▶ Work to complete: Whatever lies between the line with "WoodWick Wild Violet" and the end of the data, both included, must be copied exactly and without pictures.

▶ Input data:

-- Opening Marker --

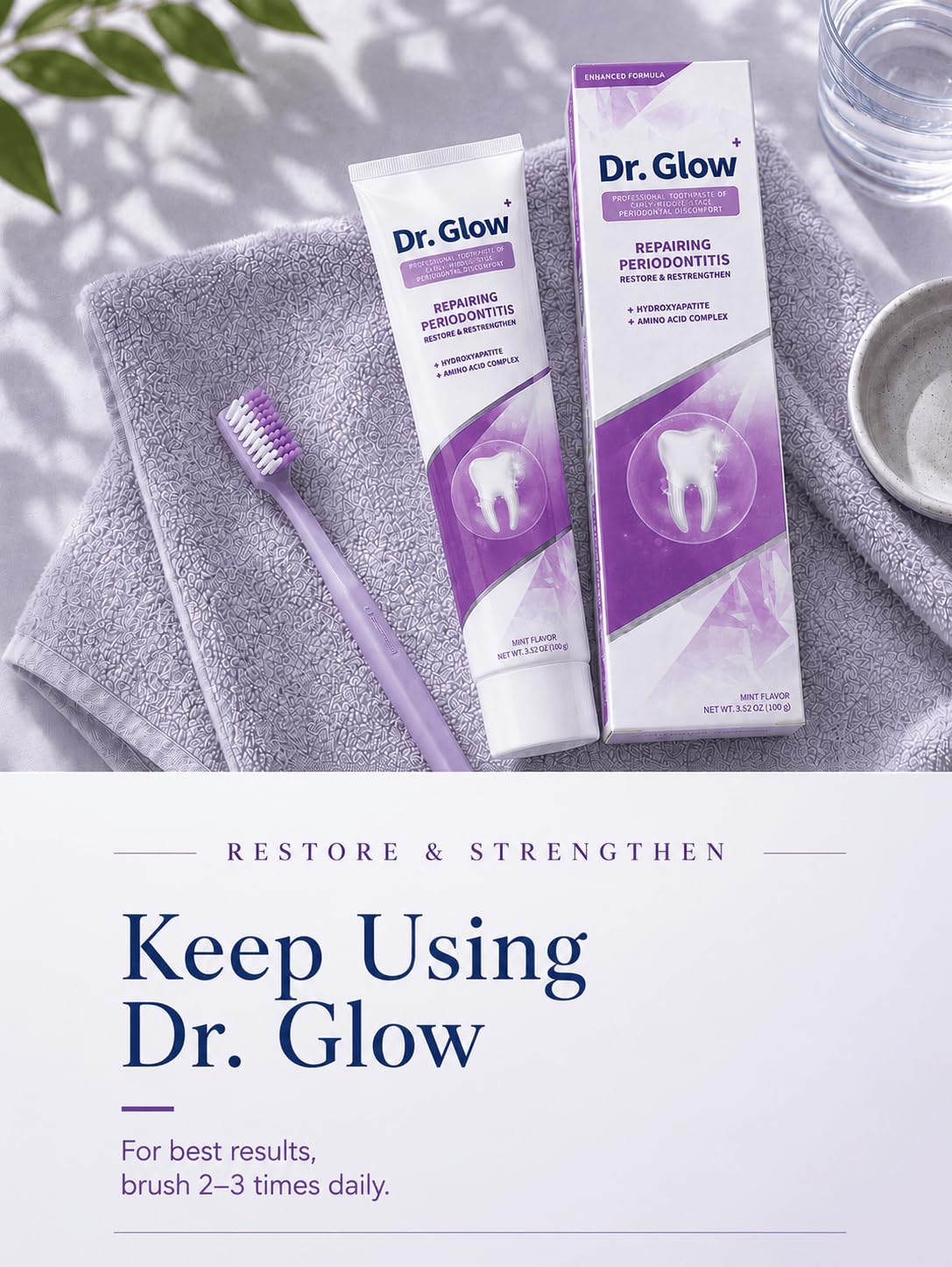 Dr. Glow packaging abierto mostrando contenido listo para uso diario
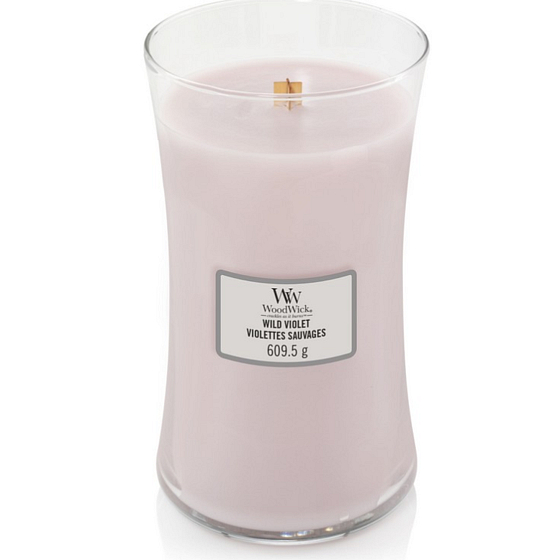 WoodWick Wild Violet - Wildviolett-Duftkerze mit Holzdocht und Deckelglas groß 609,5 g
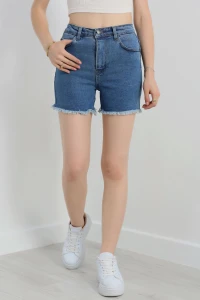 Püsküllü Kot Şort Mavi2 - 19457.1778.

-- Closing Marker --

▶ Final answer:
 WoodWick Wild Violet - Wildviolett-Duftkerze mit Holzdocht und Deckelglas groß 609,5 g
 Püsküllü Kot Şort Mavi2 - 19457.1778.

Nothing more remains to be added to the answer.